Sì è normale che cambi il gusto e che quindi di conseguenza debba cambiare il programma della galleria, fa parte del nostro lavoro. Rispetto alle abitudini diciamo che uno dei cambiamenti sostanziali è l'accesso alle informazioni. Internet e la globalizzazione hanno aperto le gallerie - parlo anche del mio caso - al mondo, però dall'altra hanno aperto anche al pubblico di consumatori uno spettro più ampio di opportunità. Nel passato c'era una fidelizzazione maggiore tra il collezionista d'arte e la galleria, che era il suo canale privilegiato per accedere alle informazioni, come una finestra sul mondo dell'arte nel territorio. Adesso al contrario io ho un portafoglio clienti più ampio ma la fidelizzazione è più rara, c'è un rapporto meno esclusivo e c'è più concorrenza. Oltre al fatto che ci sono molti più artisti, e di questi molti si promuovono attraverso i social media e altri strumenti online che permettono di raggiungere un pubblico ampio.
Però non è mutato l'interesse nei confronti dell'arte e del suo consumo. Ci sono anche nuove generazioni a cui interessa l'oggetto artistico.

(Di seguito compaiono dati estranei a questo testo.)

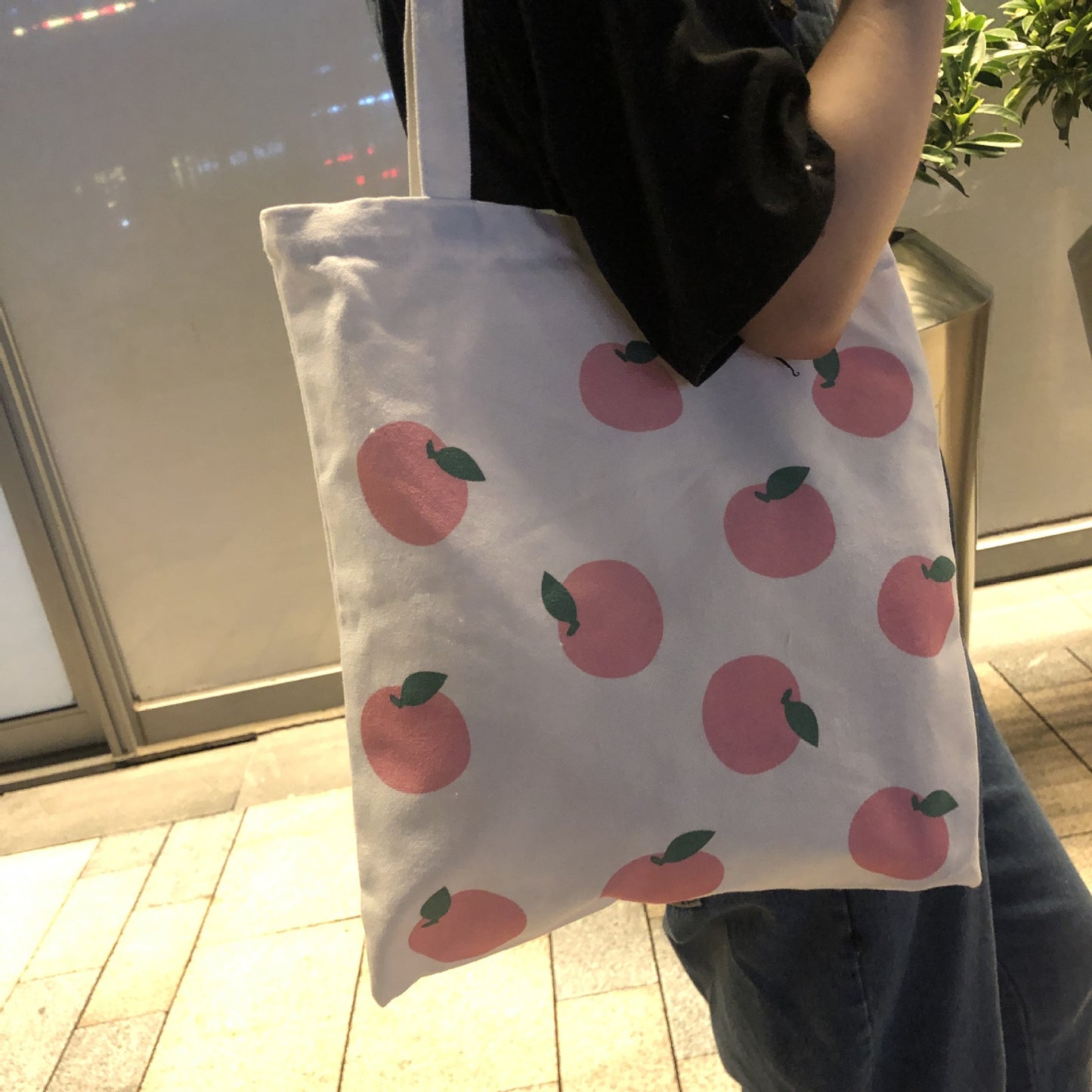 One-shoulder College Style Large-capacity Shopping Bag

E come estrazione, ceto sociale, il pubblico è cambiato?

Beh ovviamente lavorando con artisti di un certo livello ci sono costi di un certo tipo, che non sono sostenibili per tutti. Il prezzo fa ovviamente una selezione di cui siamo consapevoli. Questo non vuol dire che chi ha la disponibilità economica poi sia automaticamente interessato ad acquistare opere d'arte...

Ma non era più comune un tempo che anche il ceto medio collezionasse opere d'arte?

Sì certo, un tempo acquistare arte era più comune anche per il ceto medio; i professionisti - come architetti, ingegneri ecc. - erano proprio lo zoccolo duro della clientela. Ora per come si è evoluta la società questo profilo è venuto un po' a sparire. La classe media rispetto agli anni '60 e '70 si è molto ridotta e ha possibilità più ridotte...

Qual è invece la sua opinione sulla scena artistica locale?

A livello locale se ci confrontiamo con il resto d'Italia il mondo dell'arte è supportato bene, anche in termini di sostegni e sovvenzioni. Il mio unico pensiero è che sarebbe auspicabile che l'arte superasse la questione etnica e linguistica, non nel senso di un annullamento delle tradizioni legate ai gruppi e alle culture, che devono continuare ad essere valorizzate, ma nell'ottica della produzione contemporanea di arte, della sua promozione e circuitazione.

Come vede lei invece il nuovo mercato dell'arte digitale e l'utilizzo degli NFT (Non-Fungible Token)?

É un mondo ancora tutto da scoprire e che secondo me tocca ancora poco l'arte analogica. Bisogna capire se il caso degli NFT riguardi più l'arte o il business, il mondo delle cripto valute, che comunque esattamente come il mercato dell'arte è soggetto a fluttuazioni anche drammatiche. Per il momento comunque il collezionismo di arte analogica si muove su un altro piano e quello degli NFT è un mondo che si interseca solo in parte a quello dell'arte e al suo mercato.